- Supreme Court of the United States

Argued November 4, 2008 Decided January 13, 2009
- Full case name: Jimenez v. Quarterman
- Docket no.: 07-6984
- Citations: 555 U.S. 113 (more) 129 S. Ct. 681; 172 L. Ed. 2d 475; 2009 U.S. LEXIS 579

Case history
- Prior: No. 06-11240 (5th Cir. May 25, 2007); cert. granted, 552 U.S. 1256 (2008).
- Subsequent: On remand, Jimenez v. Thaler, 367 F. App'x 489 (5th Cir. 2010).

Holding
- A state conviction is not "final" for the purpose of filing a federal habeas petition when a state court grants an out-of-time appeal.

Court membership
- Chief Justice John Roberts Associate Justices John P. Stevens · Antonin Scalia Anthony Kennedy · David Souter Clarence Thomas · Ruth Bader Ginsburg Stephen Breyer · Samuel Alito

Case opinion
- Majority: Thomas, joined by unanimous

Laws applied
- 28 U.S.C. § 2244(d)(1)(A), Antiterrorism and Effective Death Penalty Act of 1996

= Jimenez v. Quarterman =

Jimenez v. Quarterman, 555 U.S. 113 (2009), was a decision in which the Supreme Court of the United States held that under 28 U.S.C. § 2244(d)(1)(A), the conviction of a state defendant is not "final" if a state court grants an "out-of-time" appeal and the defendant has not yet filed a federal habeas petition.

==Background==
In 1996 the United States enacted the Antiterrorism and Effective Death Penalty Act, which among other provisions set strict limits on the ability of criminal defendants convicted in state courts to file a federal appeal. Under , an appeal had to be filed within one year from the time a judgment became "final."

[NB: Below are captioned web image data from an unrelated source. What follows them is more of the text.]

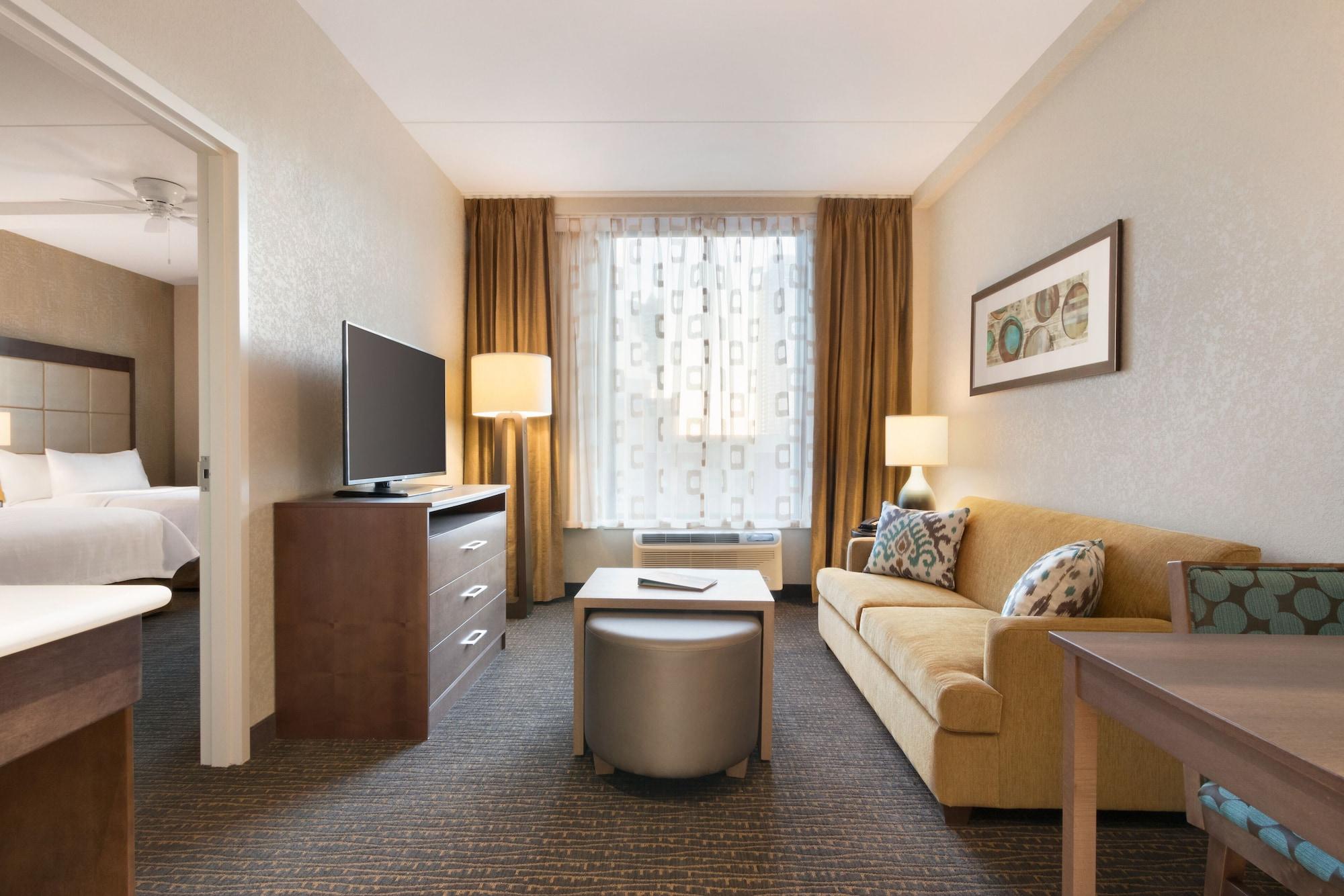 Homewood Suites By Hilton Calgary Downtown Bagian luar foto
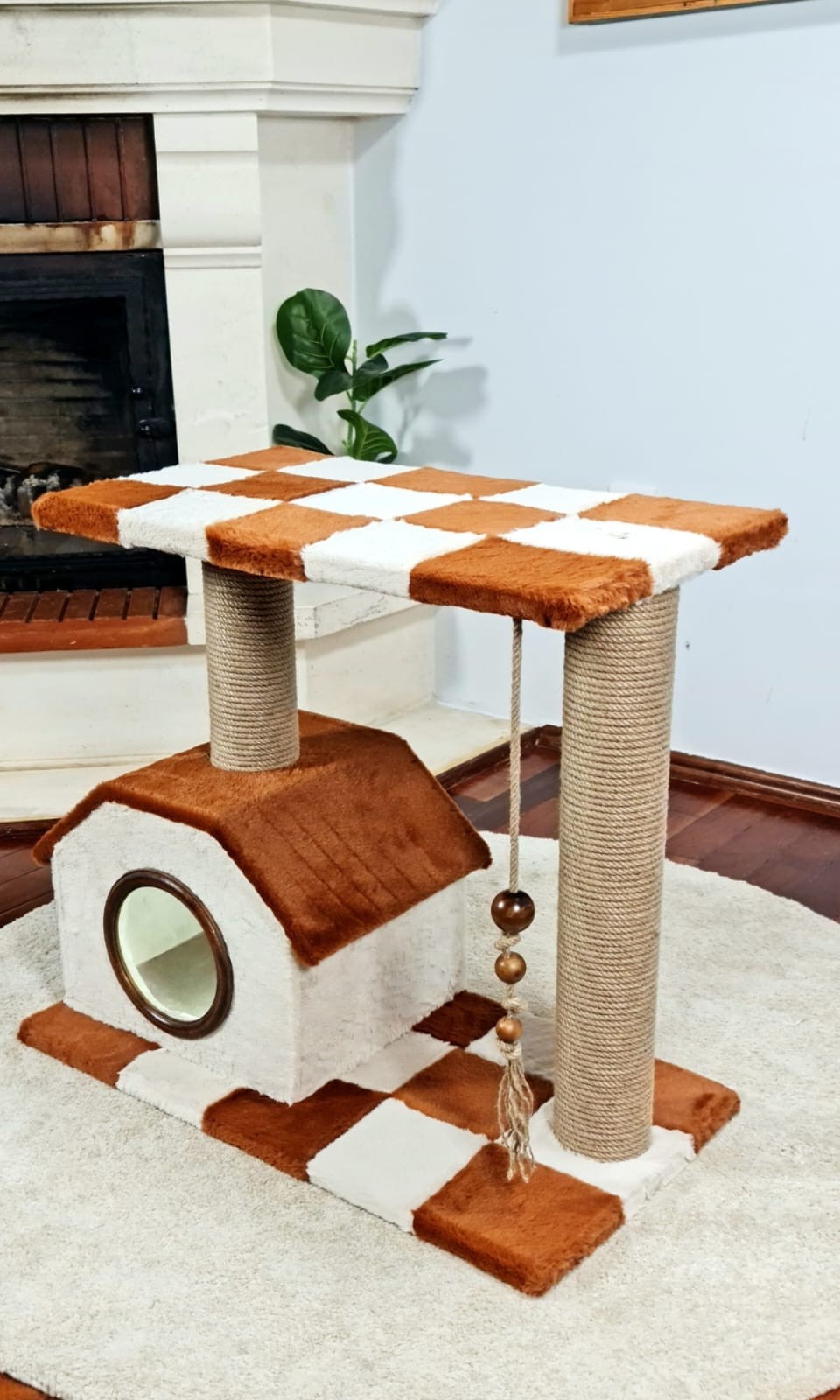 Luxury Cat Playhouse With Wooden Scratching Unit Paw
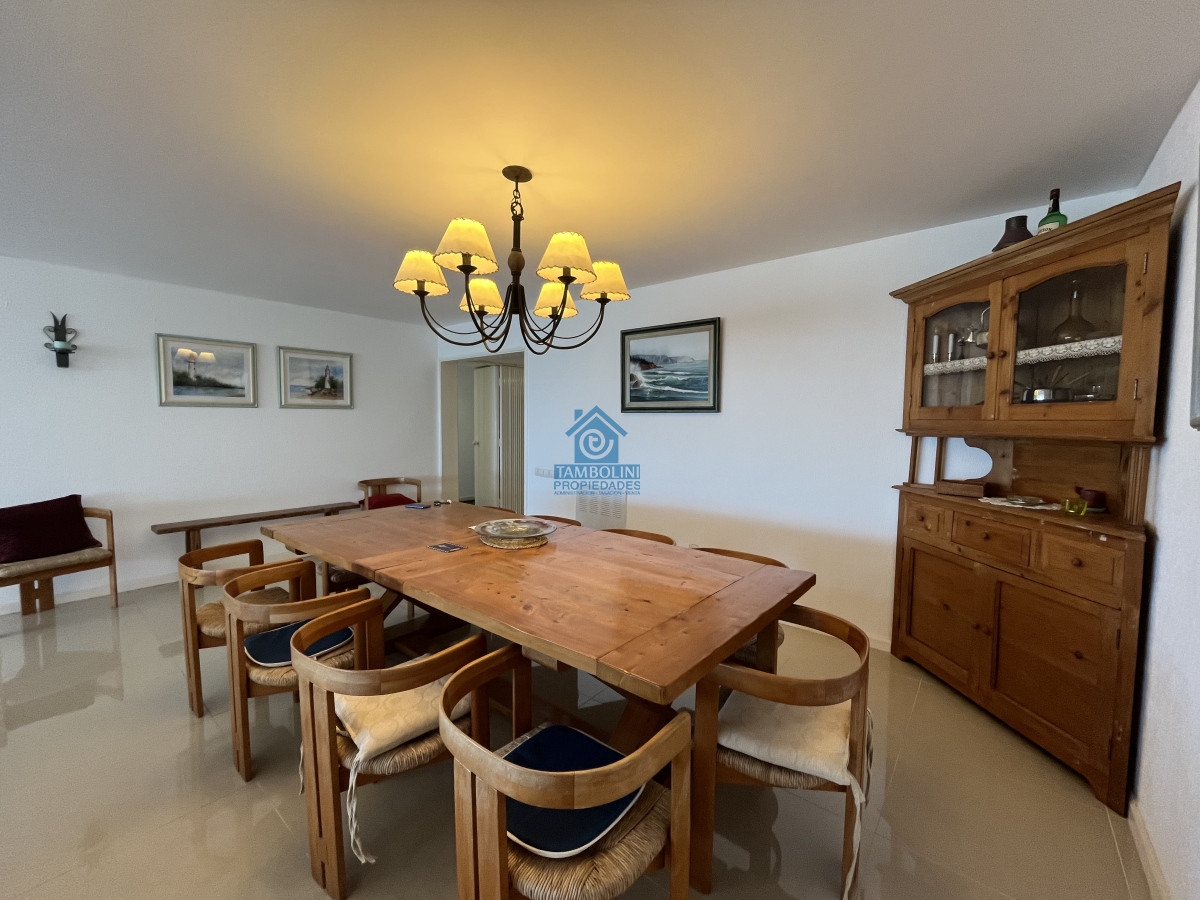 Apartamento ID.333 - VENTA PUNTA DEL ESTE ESPECTACULAR PLANTA EN LA PENINSULA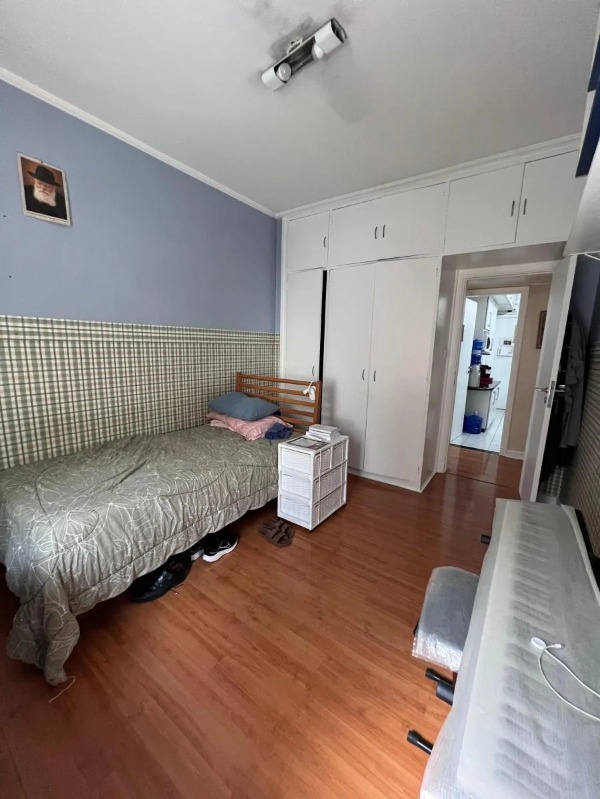 Apartamento à venda com 3 quartos, 145m² - Foto 9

Carlos Jimenez was convicted of burglary in the state of Texas in 1995. Jimenez appealed to the Texas Court of Appeals; his attorney filed a brief "explaining that he was unable to identify any nonfrivolous ground on which to base an appeal". Through a miscommunication Jimenez never learned of this brief until well after the fact, and his appeal was dismissed on September 11, 1996. Jimenez appealed, and on September 25, 2002, the Texas Court of Criminal Appeals granted Jimenez the right to file a so-called "out-of-time" appeal, acknowledging that his original appeal was flawed. The court affirmed his conviction. Jimenez then filed a habeas petition with the District Court, which dismissed his appeal, arguing that the one-year time limit began on October 11, 1996, in the wake his first (flawed) appeal. Jimenez then appealed to the Court of Appeals, which upheld the District Court.

The Supreme Court granted certiorari.

==Decision==
In a unanimous opinion authored by Justice Thomas, the Supreme Court held that "the statute requires a federal court, presented with an individual's first petition for habeas relief, to make use of the date on which the entirety of the state direct appellate review process was completed" and that the granting of the right to an out-of-time appeal by the Texas Court of Appeals rendered Jimenez's conviction not final for the purposes of the statute.

The Court reversed the Court of Appeals and remanded the case.